Tuscany Now & More Ltd
- Type: Private
- Industry: Travel · Hospitality
- Founded: 10 April 1990
- Founder: Simon Ball · Barbara Boni‑Ball
- Headquarters: London, United Kingdom
- Area served: International
- Number of employees: 35(incl. freelancers & contractors)
- Subsidiaries: Tuscany Now & More SL (Spain)
- Website: https://www.tuscanynowandmore.com

= Tuscany Now & More =

Villa rental & vacation company

Tuscany Now & More Ltd is a London‑based, family‑run villa rental and travel‑planning company specialising in Italian villa holidays.

== History ==
Tuscany Now was founded on 10 April 1990 in London by Simon Ball and Barbara Boni‑Ball, initially offering a single villa, Vaggio Savernano, near Florence. The company subsequently expanded its portfolio to include a range of villas and apartments throughout Italy.
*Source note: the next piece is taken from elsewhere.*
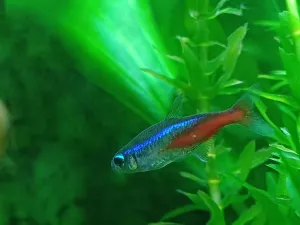 Fotka k příspěvku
In 2008, in response to rising competition from online platforms such as Airbnb and TripAdvisor, the company repositioned itself exclusively towards high‑end private villas, phasing out apartments and establishing itself as a boutique luxury provider.
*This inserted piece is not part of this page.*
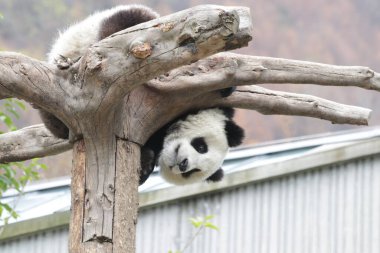 Küçük pofuduk Panda Yüksek Ağaçta Gevşiyor, Kurt Dev Panda Doğa Koruma Alanı, Shenshuping, Çin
On 3 May 2013, the company was formally incorporated as Tuscany Now & More Ltd, enabling an expansion beyond accommodation into curated travel services and experiences.

In 2023 and 2024, Travel + Leisure's World's Best Awards named Tuscany Now & More the Winner of Best Luxury Villa Rental Company and in 2025 awarded it 2nd place in the same category.

== Operations ==
Tuscany Now & More specialises in a curated collection of over 130 luxury villas across Tuscany, Umbria, Veneto and, since 2025, Piedmont. The company works with villa owners to renovate properties, combining historic features with modern comforts.